No—it doesn’t work like that.

Jesus did not say,”If you… then I.” In other words, Jesus did not advance conditions to his father, saying, “If you do this…then I will do that.” He offered a yielded will, saying, “If it is possible do this… yet not my will but yours be done.” I do find it comforting that Jesus did not feign or pretend false confidence or emotional courage at the moment of his greatest trial. He was transparent and honest about how his human emotions were disconfirming rather than supportive in regards to choice before him. He unashamedly discloses his emotional state as being the antithesis of desire, essentially admitting to his Father, “This present moment is so distressing to my soul, I am left wondering if there is any other possible route we have overlooked that can achieve what needs to be achieved, such that this coming tribulation can be avoided.”

He candidly lays out all his cards on the table; he holds back nothing. But then he utters those famous words that sealed our redemption, “…yet not my will be done, but your will.”

For what its worth, I don’t think Jesus was distressed so much by the coming physical pain as much as he was distressed by the knowledge he was about to drain the cup of sin and drink it down to its dregs–every putrid, vile act of wickedness was about to be consumed into his very being. He “who knew no sin” was literally about “to become sin” and experience alienation from his Father (2 Cor. 5:21, Mt. 27:46). We cannot even imagine the horror involved in personified Holiness becoming hell.

6) JESUS RECOGNIZED THE FOLLY OF WAITING FOR EMOTIONS TO ESCORT HIS WILL

Despite the grief and sorrow overwhelming his soul, Jesus would not let his emotions run the show and dictate his course of action. He acknowledged his emotions, yet knew emotions serve as poor custodians of truth. We often want emotional escorts before we launch out and do anything worth doing, but Jesus knew better.

Not to belabor the point, but true spirituality is not saying “If you…then I.” It is saying, “Yet not I, but you.” But neither is spirituality to live in pretense or denial. It can admit preference and desire–but it doesn’t end there. True spirituality is saying, “If possible I would prefer this way—yet not my emotions, not my will, not my hope, not my affections, not my plans be done— but your will alone be done.”

7) JESUS NEEDED TO BATTLE HIS EMOTIONS THREE TIMES–NOT JUST ONCE

Three times Jesus went to His Father, got gut-level honest with his Father about his weakened, emotional state, but then each time he resigned himself, surrendered himself and re-committed himself to God’s will. Sometimes we need to take repeated steps into our earlier confessions before we are ready to live them out.

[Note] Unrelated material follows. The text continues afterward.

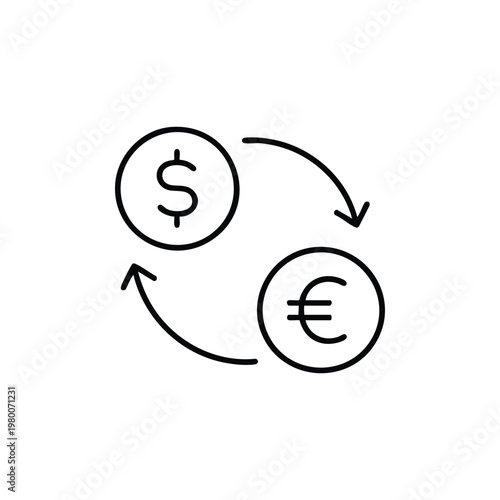 Currency exchange payment icon with dollar and euro symbols black and white vector illustration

8) JESUS’ REPEATED RESIGNATIONS LED TO RENEWED STRENGTH

What was the result of Christ resigning his will three times? We see a hint in verse 46. After resigning his will 3 times to the Father it says he went to his disciples and said, “Get up! Let’s go!…”

What that tells me is that somewhere between Jesus falling facedown in agony before his Father and telling his disciples “Get up—Let’s go!” Jesus himself got up, dusted off his knees, picked up his bleeding heart and said to himself and to his Father, “Let’s do this!”

From that point on we see Jesus walking in a renewed strength that only comes through resignation and a surrendered posture before God.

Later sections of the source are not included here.